## YOUR OBJECTIVE:
Keep every word of the entries and print them exactly; the pictures stay out.

*** RECORDS PROVIDED ***

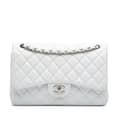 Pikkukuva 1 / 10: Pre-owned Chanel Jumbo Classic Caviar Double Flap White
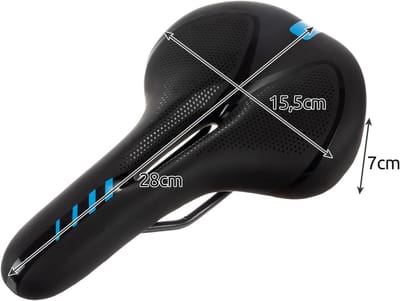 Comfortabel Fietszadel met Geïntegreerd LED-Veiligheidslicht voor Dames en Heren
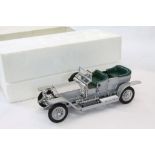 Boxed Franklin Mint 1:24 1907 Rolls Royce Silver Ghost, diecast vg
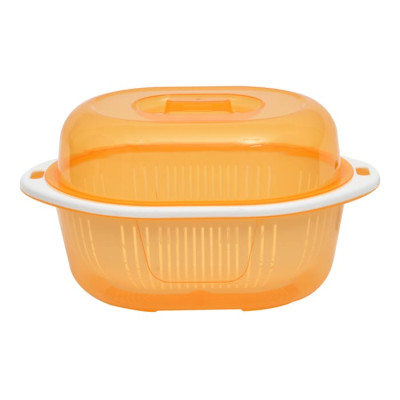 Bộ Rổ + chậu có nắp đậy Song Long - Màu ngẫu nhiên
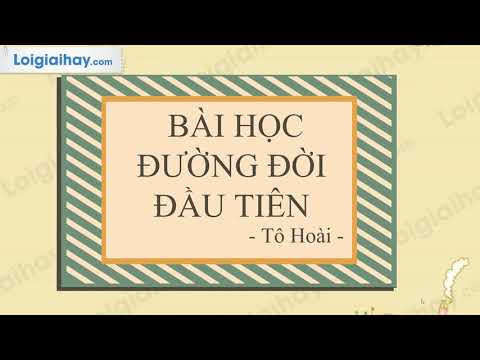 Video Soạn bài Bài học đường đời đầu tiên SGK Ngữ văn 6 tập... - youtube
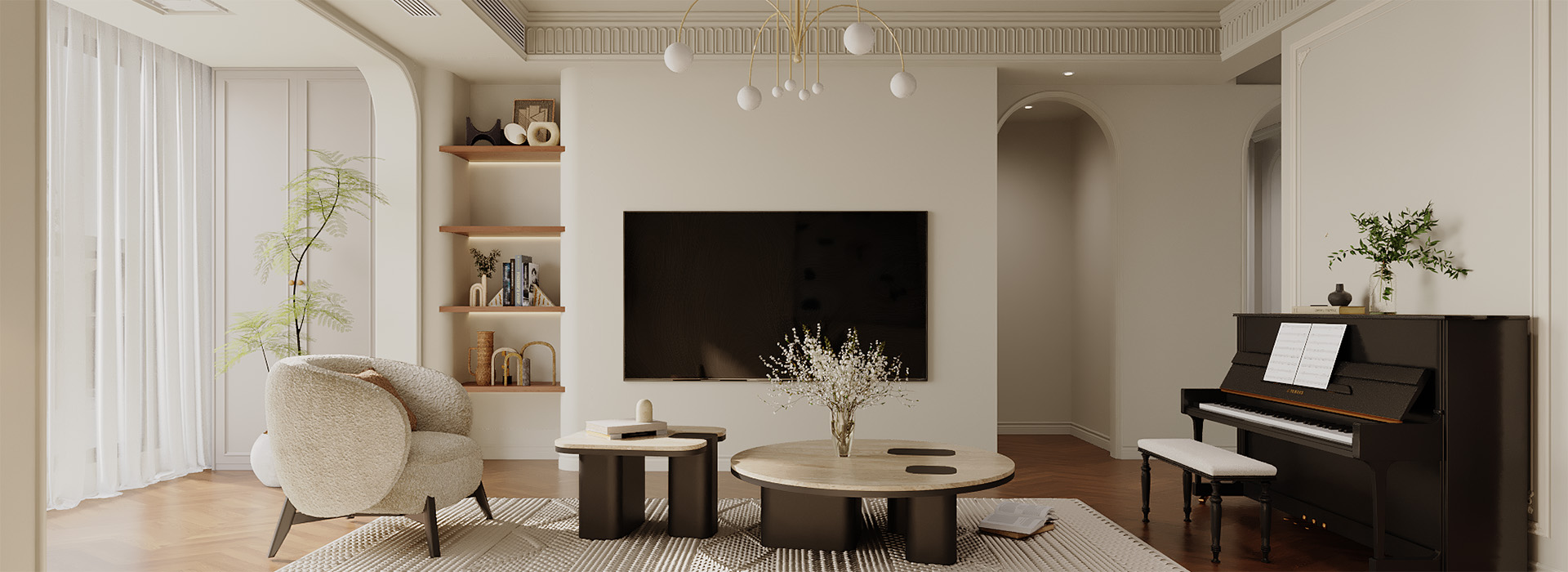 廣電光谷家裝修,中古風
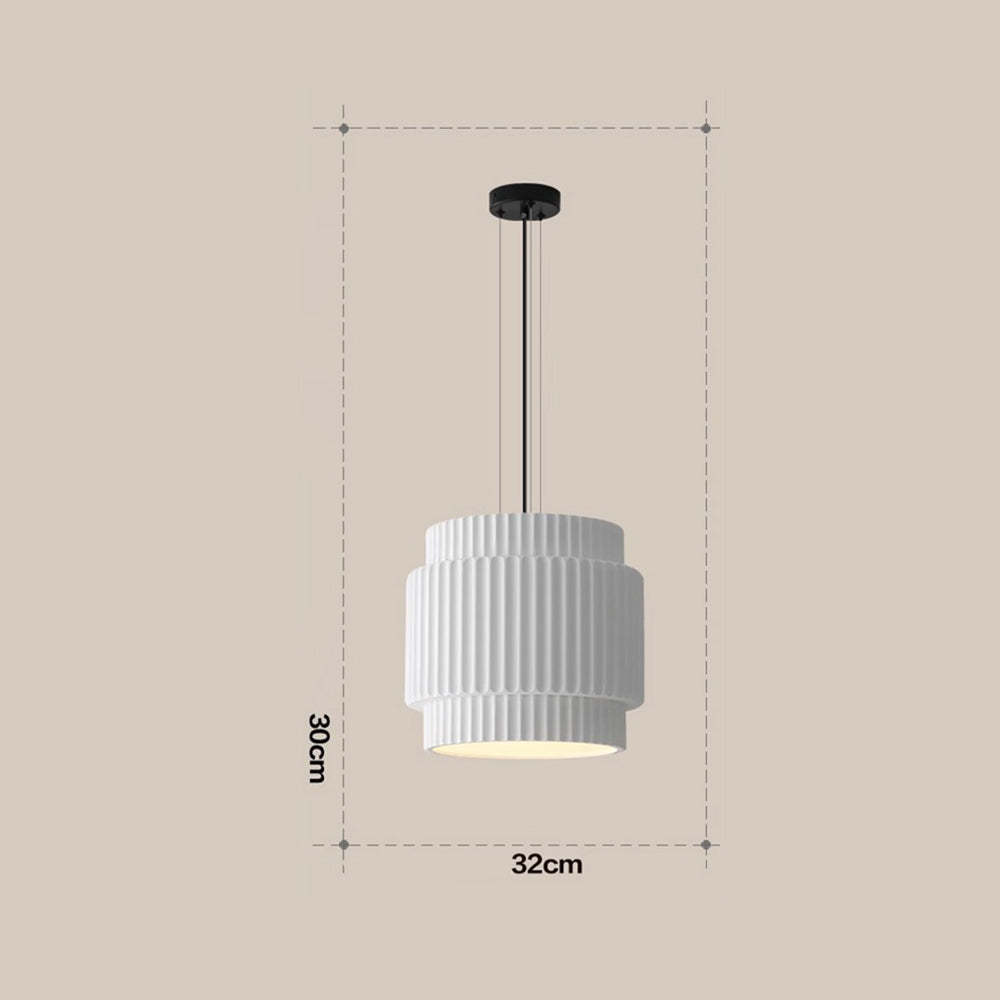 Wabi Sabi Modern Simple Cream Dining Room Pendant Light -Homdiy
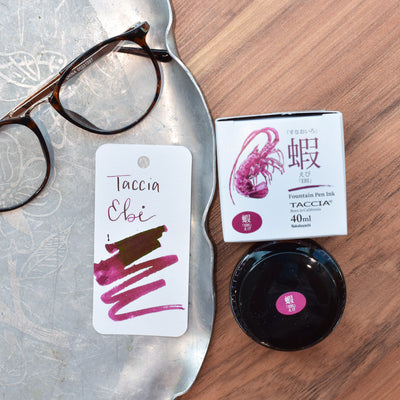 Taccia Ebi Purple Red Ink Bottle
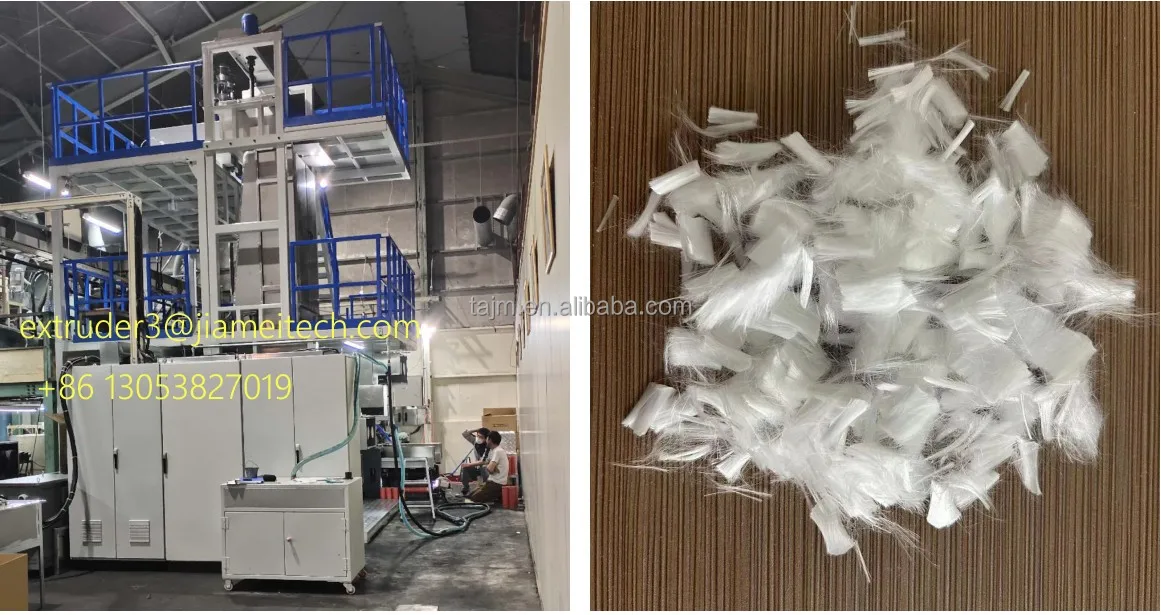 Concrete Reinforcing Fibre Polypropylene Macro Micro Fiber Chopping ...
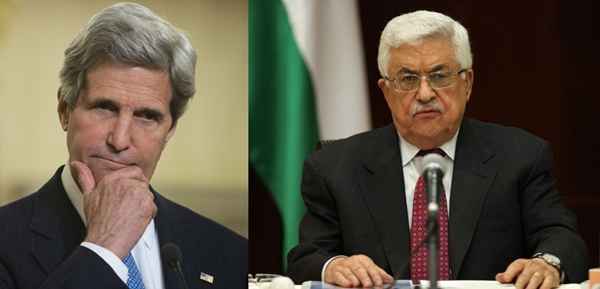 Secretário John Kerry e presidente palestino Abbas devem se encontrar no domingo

*** End of RECORDS PROVIDED ***

## ANSWER TO THIS TASK:
 Pikkukuva 1 / 10: Pre-owned Chanel Jumbo Classic Caviar Double Flap White
 Comfortabel Fietszadel met Geïntegreerd LED-Veiligheidslicht voor Dames en Heren
 Boxed Franklin Mint 1:24 1907 Rolls Royce Silver Ghost, diecast vg
 Bộ Rổ + chậu có nắp đậy Song Long - Màu ngẫu nhiên
 Video Soạn bài Bài học đường đời đầu tiên SGK Ngữ văn 6 tập... - youtube
 廣電光谷家裝修,中古風
 Wabi Sabi Modern Simple Cream Dining Room Pendant Light -Homdiy
 Taccia Ebi Purple Red Ink Bottle
 Concrete Reinforcing Fibre Polypropylene Macro Micro Fiber Chopping ...
 Secretário John Kerry e presidente palestino Abbas devem se encontrar no domingo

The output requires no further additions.